Scraping utility for downloading Gaceta parliamentary vote history.
Only needs pandas
, requests
, and beautifulsoup4
.
pip install -r requirements.txt
python download_votes.py
python parse_votes.py
python join_votes.py
The server is quite unreliable - it seems to go through periods where any request returns a 404. The code is designed to stop if this happens. If you get errors like
requests.exceptions.HTTPError: 404 Client Error: Not Found for url: http://gaceta.diputados.gob.mx/voto58/
then try again later.
Set overwrite=True
in download_votes.py
to always download every file, even if they already exist.

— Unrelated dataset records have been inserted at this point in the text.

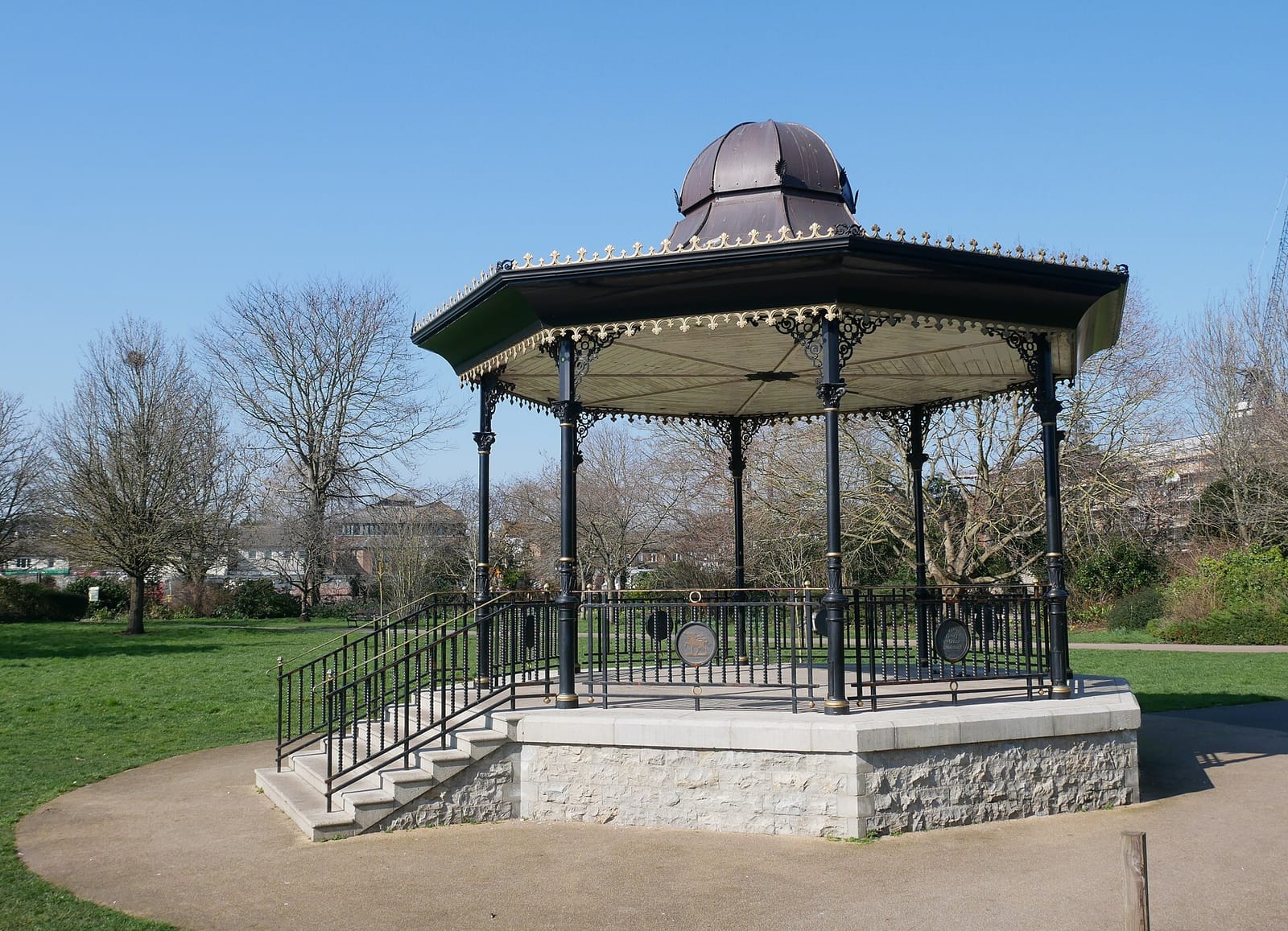The restored Victorian bandstand in Central Park, Dartford, standing on its stone base under a clear blue sky.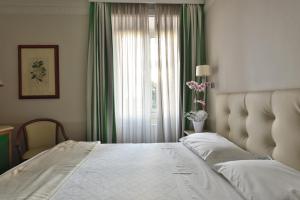 Postel nebo postele na pokoji v ubytování Lolli Palace Hotel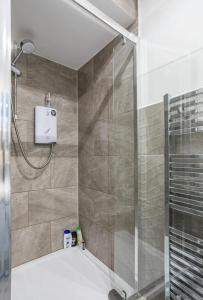 a bathroom with a shower with a glass door at Captivating 2 bedroom home with jacuzzi and conservatory in Hamilton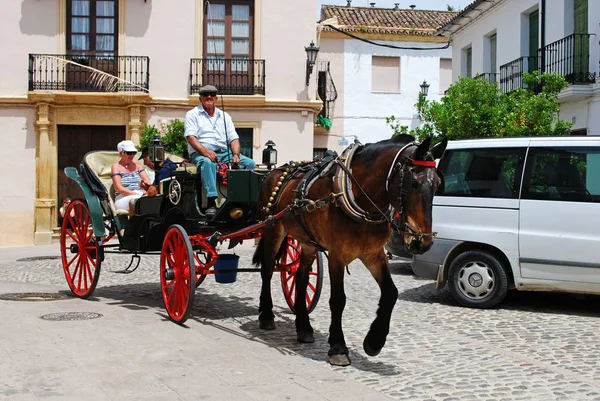 Koń ciągnięte wózek przewożący turystów na starym mieście, Ronda, Hiszpania. — Zdjęcie stockowe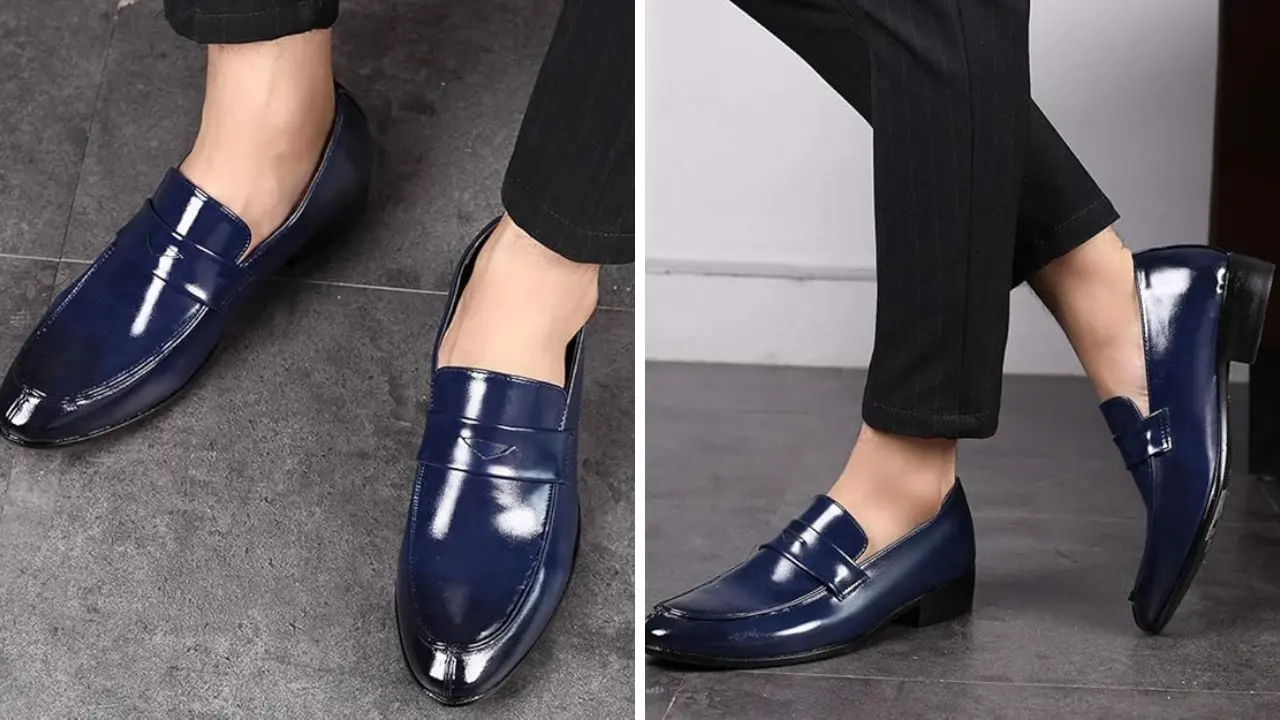 A pair of blue leather loafers with a shiny finish and a penny strap.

Plain text files are hosted on the server with urls like
http://gaceta.diputados.gob.mx/votoN/ordiXY/votoMMDD-I.txt
For example
http://gaceta.diputados.gob.mx/voto64/voto64/ordi22/voto0630-1.txt
votoN
is votes during the Nth parliament. For example, voto64
is votes during the "LXIV Legislatura (2018-2021)", where LXIV=64 (took me way too long to notice).
ordiXY
is the parliamentary year and period that year. This page lists them in the form
- "first year (of the parliament), first ordinary period"
- "first year (of the parliament), second ordinary period"
- "first year (of the parliament), first extraordinary period"
- ...
so e.g. ordi22
is the second year of the parliament, and the second ordinary session that year.
The text file name votoMMDD-I.txt
is the date and the index of the proposal for that day. So e.g. voto1219-2
is the second proposal of the day of Dec 19th.